The proposed Special Issue aims at filling this gap in the existing research. Moreover, due to the peculiarity of the CEE region, we regard the question of the interplay between gender, religion and migration as being particularly interesting. The culture of most CEE countries, despite post-socialist socioeconomic and political transformations and social change resulting from mass migration, can still be characterised as homogeneous and attached to traditional, conservative gendered values. This conservative shade of the culture is often further strengthened by the influential public role of religion (e.g. the high status and power of the Roman Catholic Church in Poland or Orthodox Church in Romania) and by the low level of secularisation (i.e. prevalence of religious practices and beliefs, support for conservative social values).

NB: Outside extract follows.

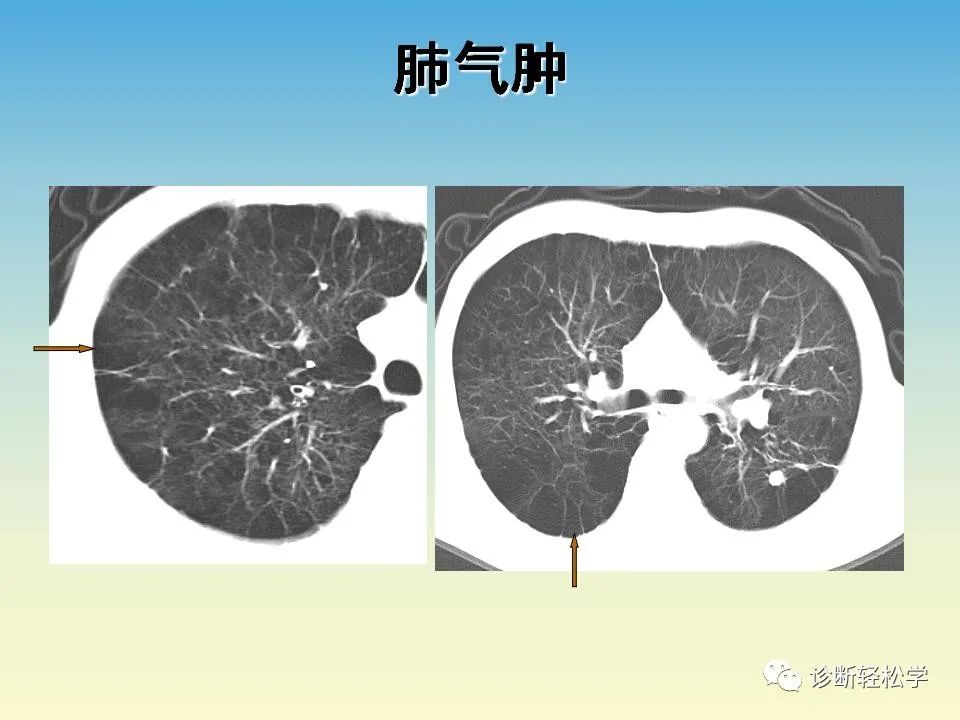 影像PPT - 【PPT】肺间质纤维化的影像表现-35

The Special Issue will focus on the following topics and general research questions:

  1. How does the interplay between gender and religion influence the migratory experience? How does religion shape the individual and collective experience of migrants, in particular, with regard to the formation of their gendered social, class, ethnic, civic and work identities and practices? How do various religious traditions construct and reproduce the gender rules in the symbolic, institutional and experiential dimensions of migration?
  2. How does the activity of religious organisations and their personnel contribute to creation of various forms of capital supporting (or inhibiting) migrants’ adaptation, integration, and multicultural identity? How do religious organisations mediate migrants’ adaptation to their new social conditions? How do religious organisations form bonds and networks of relationships between the cultures of the country of origin and country of settlement?
  3. 3. How (if at all) do the gender patterns and identities embedded in religious organisations transform in various migratory contexts? In which directions do the institutional rules concerning the place of men and women characteristic of conservative gender orders change as a consequence of migration involving encounters with multicultural and secular socio-cultural environments as well as with more conservative ones?

We also invite contributions focusing on other topics related to the interaction between religion, gender and migration, because the main purpose of this Special Issue is to show the recent developments in research on this broad topic in the context of migration to and from the CEE region.

Submission guidelines and related deadlines:

Extended deadline: 10 February 2017 – submission of abstracts

30 April 2017 – submission of articles

Abstracts of no more than 500 words should be sent to: ceemr@uw.edu.pl.

Please note that each article will be subject to a double-blind peer review process and positive reviews will be a condition for the publication.